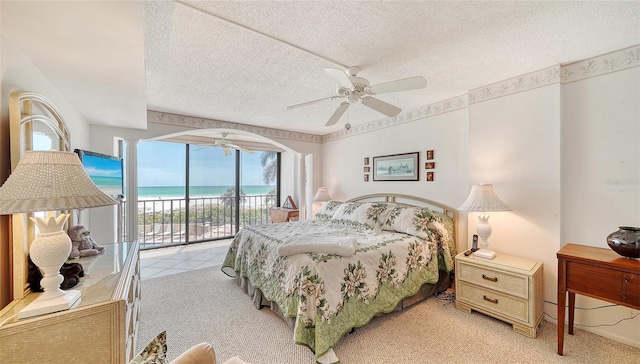 bedroom featuring light carpet, a textured ceiling, access to outside, and ceiling fan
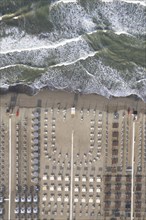 Aerial view of Versilia beach with rough sea photographed from above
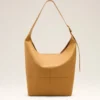 Bolso bandolera Etienne de piel de taurillon amarilla Bolso bandolera Etienne de piel de taurillon amarilla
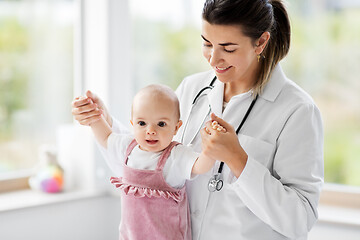 Image showing female pediatrician doctor with baby at clinic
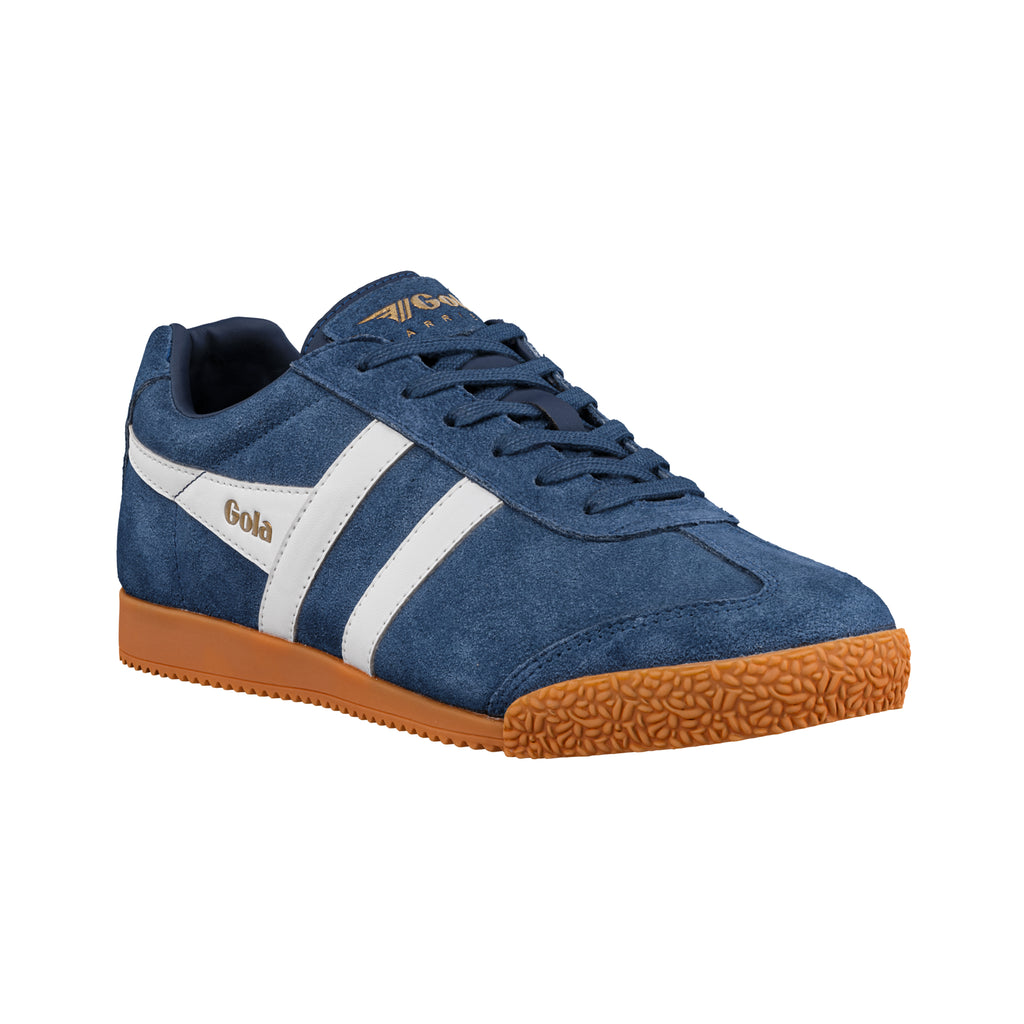 Navy blue suede trainer with white stripes and a brown sole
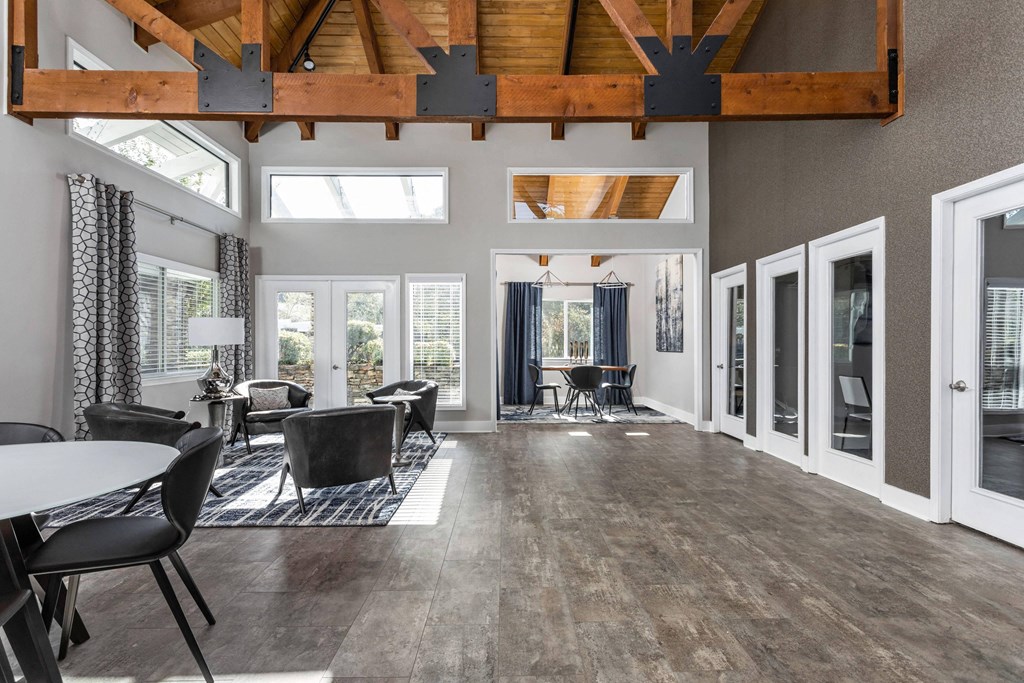 a living room with a vaulted ceiling and a dining room with chairs and tables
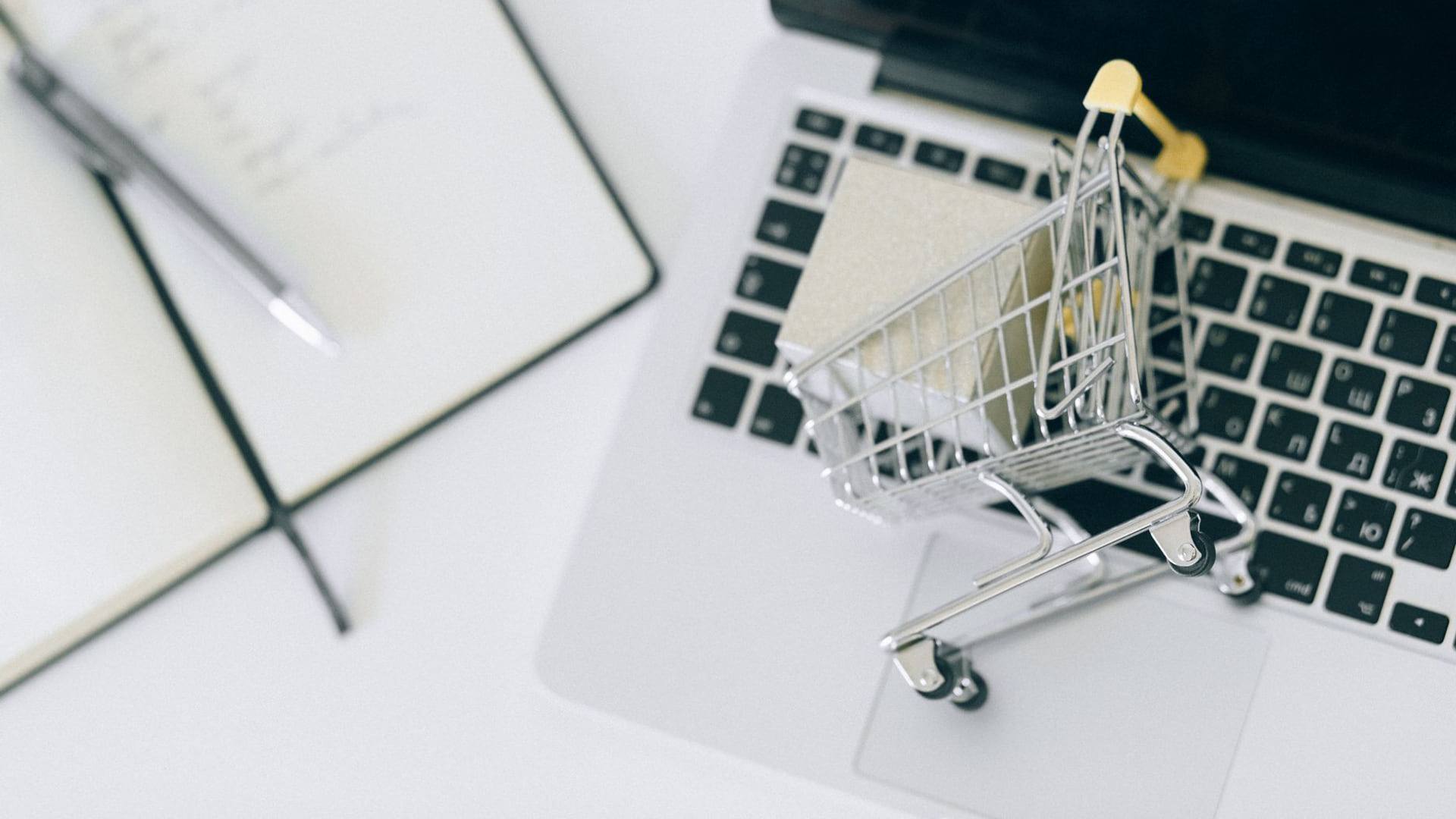 Une calculatrice posée à côté d'un panier d'achat numérique affichant plusieurs lignes d'articles et de réductions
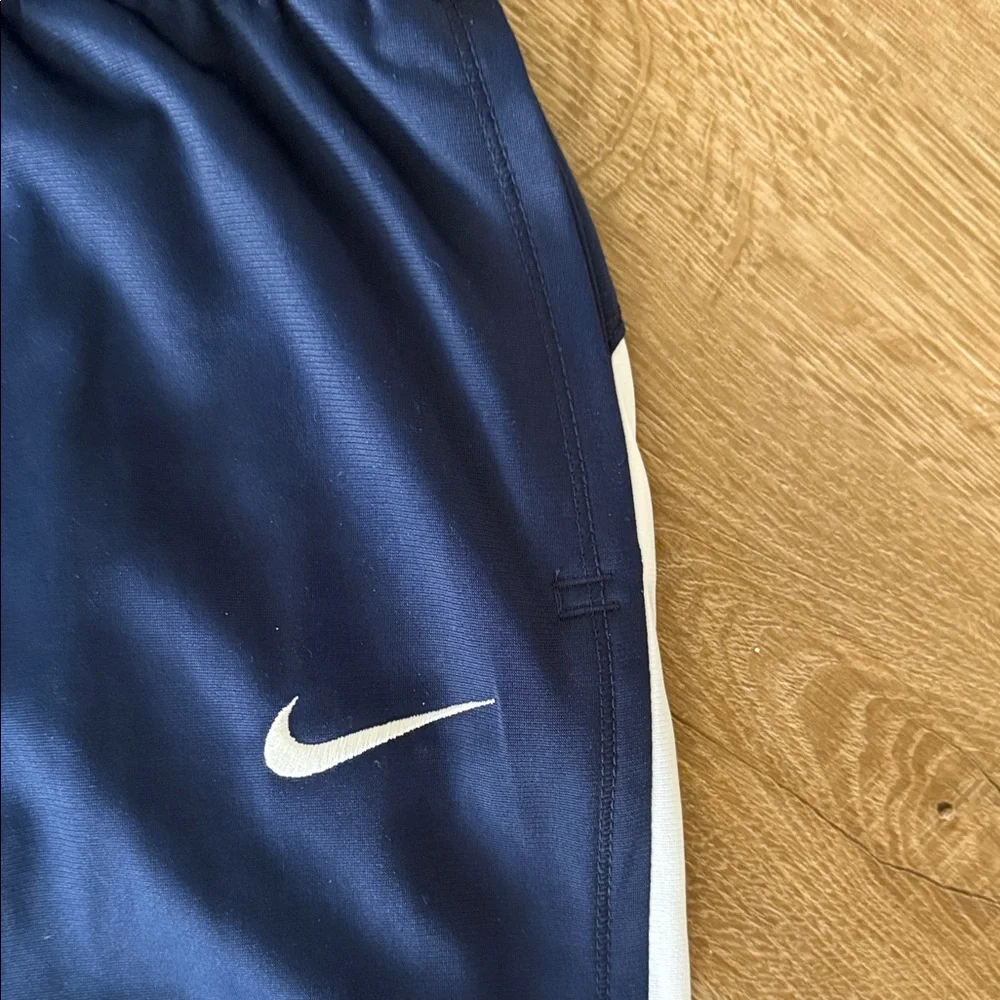 Nike Kids Navy Track Pants with White Side Stripes, Size Medium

^^^^

◆ What the exercise asks:
Once the line containing "Bolso bandolera Etienne de piel de taurillon amarilla Bolso" has been located, transcribe exactly and only every line from the first line of the entries through it, excluding pictures.

◆ Task result:
 bedroom featuring light carpet, a textured ceiling, access to outside, and ceiling fan
 Aerial view of Versilia beach with rough sea photographed from above
 Bolso bandolera Etienne de piel de taurillon amarilla Bolso bandolera Etienne de piel de taurillon amarilla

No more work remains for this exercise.